Class SubstringTransformer

  • All Implemented Interfaces:
    IXMLConfigurable, IImporterHandler, IDocumentTransformer

    public class SubstringTransformer
    extends AbstractCharStreamTransformer
    implements IXMLConfigurable

    Keep a substring of the content matching a begin and end character indexes. Useful when you have to truncate long content, or when you know precisely where is located the text to extract in some files.

    The "begin" value is inclusive, while the "end" value is exclusive. Both are optional. When not specified (or a negative value), the index is assumed to be the beginning and end of the content, respectively.

    This class can be used as a pre-parsing (text content-types only) or post-parsing handlers.
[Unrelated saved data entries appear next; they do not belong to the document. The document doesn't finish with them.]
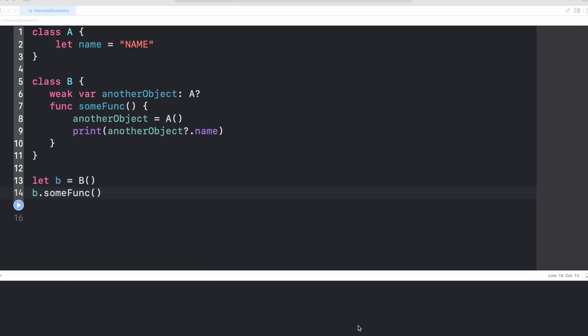This question is based on the weak reference. I'm sure you already know almost everything in theory about weak, strong and unowned. But trust me, when it comes to real practical problems, we tend to get confused. Let's look at the problem statement.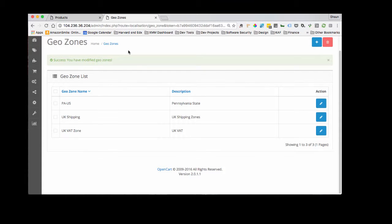Hello. Today I'm going to be doing a quick tutorial on how to set up your state tax zones in OpenCart 2.0.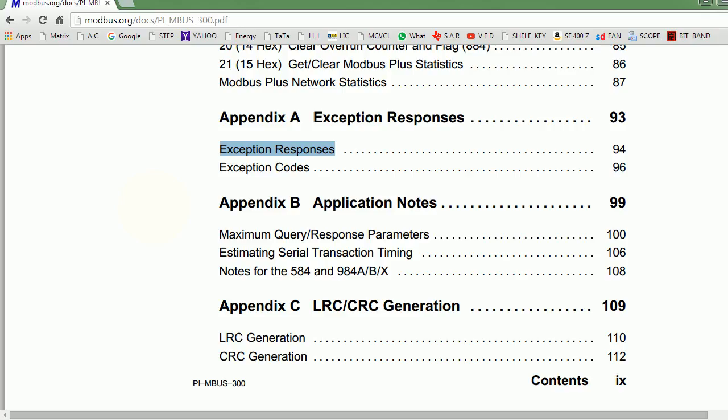Imagine master says, hey slave number one, give me the reading of input register number this. All the devices would read it and devices which are not numbered one would drop that packet and will not do anything about it. The device which has been hardware-addressed as number one would really read that particular address master is asking for, and that device would reply saying this is the value of that particular register.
    XML configuration usage:

    
    <handler
        class="com.norconex.importer.handler.transformer.impl.SubstringTransformer"
        sourceCharset="(character encoding)"
        begin="(number)"
        end="(number)">
      <!-- multiple "restrictTo" tags allowed (only one needs to match) -->
      <restrictTo>
        <fieldMatcher>(field-matching expression)</fieldMatcher>
        <valueMatcher>(value-matching expression)</valueMatcher>
      </restrictTo>
    </handler>

    XML usage example:

    
    <handler
        class="SubstringTransformer"
        end="10000"/>

    The above example truncates long text to be 10,000 characters maximum.

    Since:
    2.7.0
    Author:
    Pascal Essiembre